Beppe Saronni: «Mi rivedo in Evenepoel. Nessuno insegna ai nostri giovani»
Due Giri d'Italia, un Mondiale su strada e altri svariati successi nel palmares. Giuseppe Saronni, oggi 66enne, è uno di quei campioni che appartengono alla storia del ciclismo. Questa sera (domenica) alle 21.30 sarà l'ospite d'onore al teatro San Rocco di Voghera nell'evento “Aspettando il Tour”, a cui parteciperanno altri volti noti del ciclismo italiano come Emanuele Bombini e Daniel Oss, e i telecronisti di Eurosport, Luca Gregorio e Riccardo Magrini. La serata sarà presentata dallo speaker Giampietro Boscani, con la collaborazione di Riccardo Crivelli della Gazzetta dello Sport.
Beppe Saronni, nella sua carriera c'è una sola partecipazione al Tour 1987. Come mai?

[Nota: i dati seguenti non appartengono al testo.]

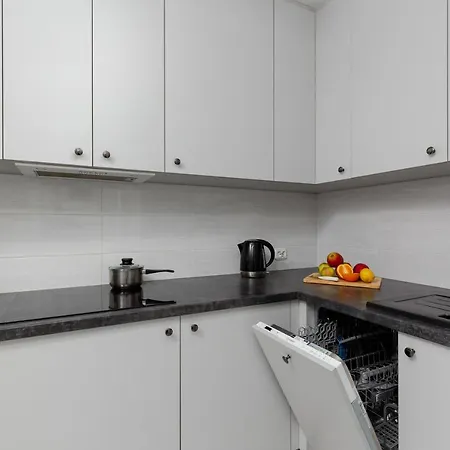 Solec 79 By Renters *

«Bisogna pensare al ciclismo di quegli anni, in cui non c'era la grande differenza che c'è adesso tra Giro e Tour. Le squadre erano formate da 12-14 corridori al massimo, a inizio stagione si sceglieva il programma. Io spesso partecipavo alla Vuelta di Spagna che si correva in aprile, in preparazione del Giro d'Italia, che per i nostri sponsor era l'appuntamento più sentito e importante dell'anno».
Oggi il Tour è la corsa per eccellenza. Cosa rappresenta la storica partenza della Grande Boucle dall'Italia?
«Parliamo di un evento eccezionale, non so quando capiterà di nuovo. Sono sicuro che la gente affollerà le strade. Il Tour de France è la gara più importante e ambita al mondo. Aggiungo, con un po' di rammarico, che mi sarebbe piaciuto vedere il nostro Giro d'Italia partire da Parigi».
Che momento sta attraversando il ciclismo italiano?
«Ci sono giovani volenterosi, ma vedo il movimento di base in difficoltà. Il ciclismo è uno sport faticoso, che richiede sacrifici. Mancano anche le persone che seguono gli atleti, e che si mettono a disposizione delle squadre giovanili. Poi c'è il problema della sicurezza. Le famiglie non sono tranquille nel sapere che i loro figli si allenano sulle strade. Pensi che anche il mio nipotino ha preferito il calcio, seguendo l’esempio di compagni e amici...».
Tornando al Tour, vede una lotta a due tra Pogacar e Vingegaard?
«Al via ci sono tutti i più grandi campioni, quindi mi aspetto uno spettacolo straordinario. Per la maglia gialla, Pogacar e Vingegaard sono superiori, anche se c'è l'incognita legata alle condizioni di Vingegaard. Bisognerà capire se e come ha recuperato dal brutto incidente diaprile».
A proposito di Pogacar, lei lo ha scoperto da giovanissimo. Si aspettava che diventasse il fuoriclasse di punta del ciclismo mondiale?
«Me lo aveva suggerito il ct della Slovenia, si notava subito il suo grandissimo talento. Certamente era difficile pensare che potesse diventare quello che è diventato oggi. Tadej e gli altri campioni di riferimento del ciclismo attuale sono coraggiosi e spettacolari, stanno riappassionando tanta gente a questo sport».
Chi è il nuovo Saronni?
«Difficile fare confronti di questo tipo. Per carattere, e anche a livello fisico, vedo qualche analogia con Remco Evenepoel. un bel peperino. Anche lui è spavaldo come me. Io andavo spesso controcorrente, ecco perchè non c'era troppa simpatia con Moser», sorride Saronni.